# [Collected material]
++++++++++

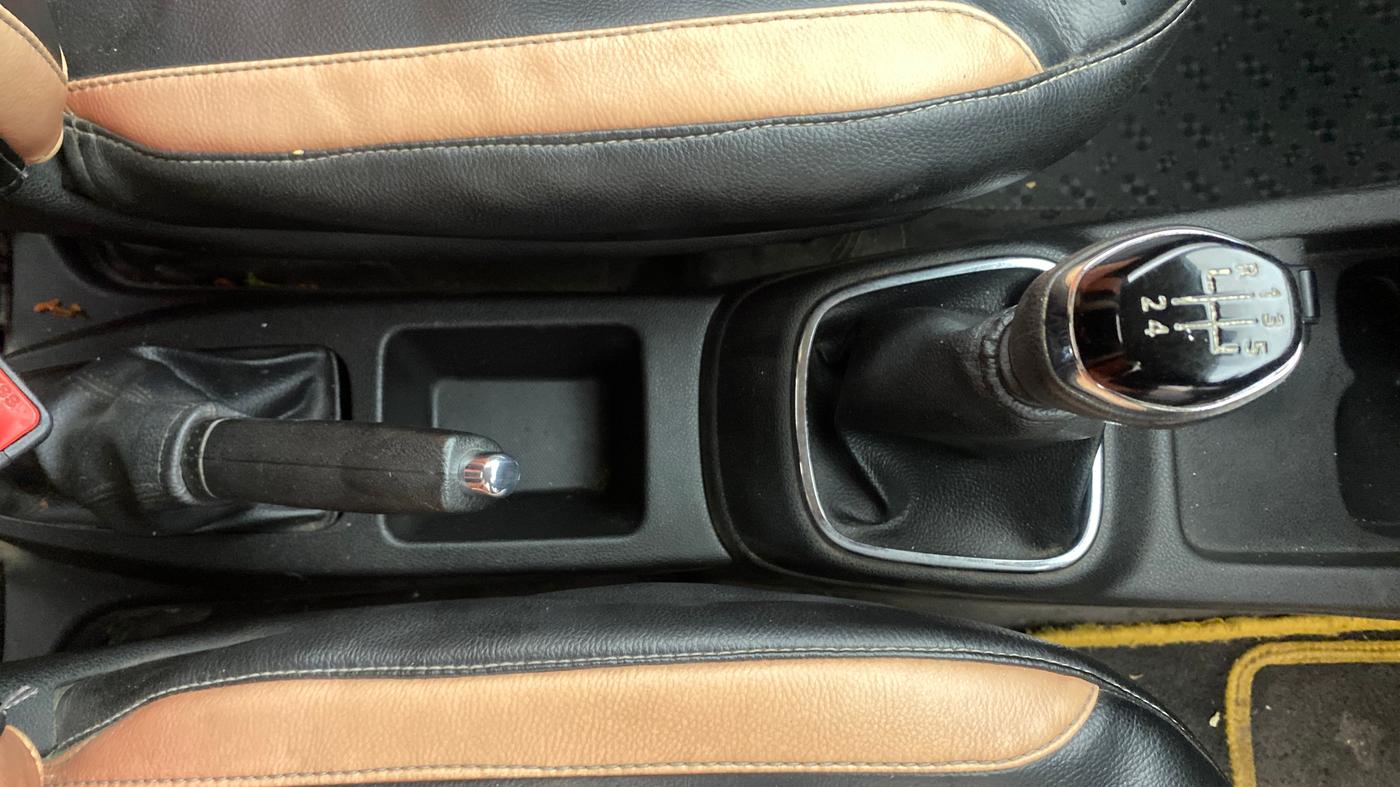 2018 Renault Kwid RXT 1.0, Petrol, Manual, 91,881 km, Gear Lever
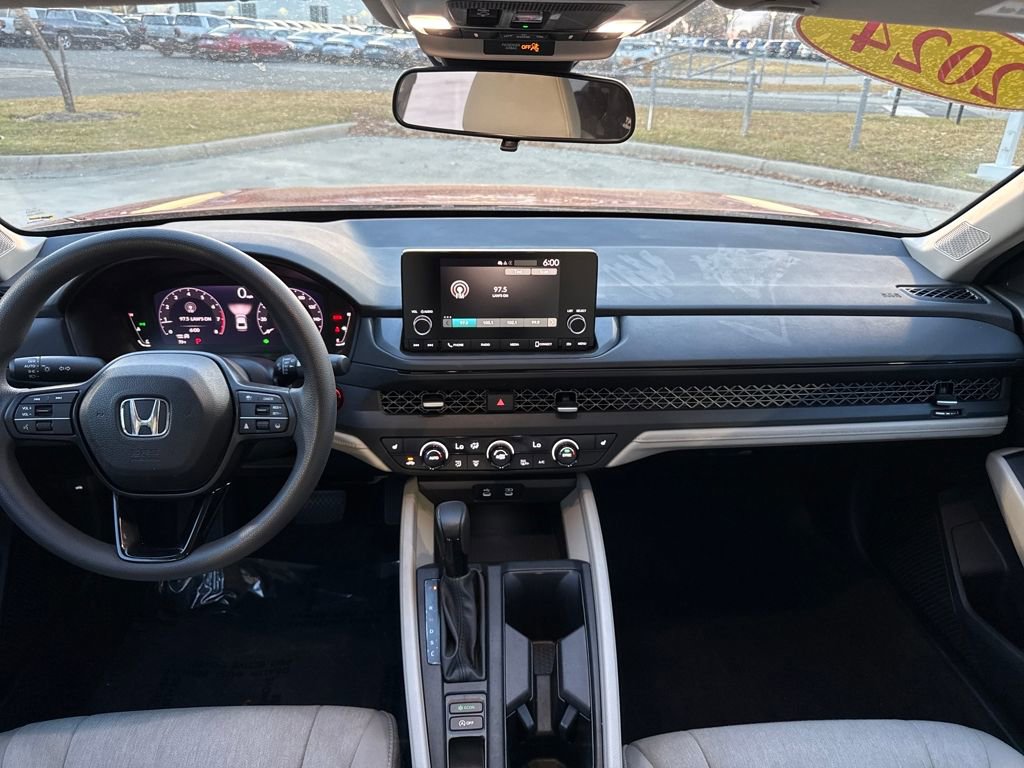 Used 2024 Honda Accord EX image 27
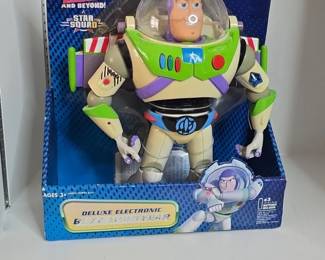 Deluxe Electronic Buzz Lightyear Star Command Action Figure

++++++++++

# [What is needed]
Pictures stay out of this copy. Retype exactly the lines from the one with "Used 2024 Honda Accord EX image 27" through the last line of the data, both ends included, and nothing more.

# [Solution for this task]
 Used 2024 Honda Accord EX image 27
 Deluxe Electronic Buzz Lightyear Star Command Action Figure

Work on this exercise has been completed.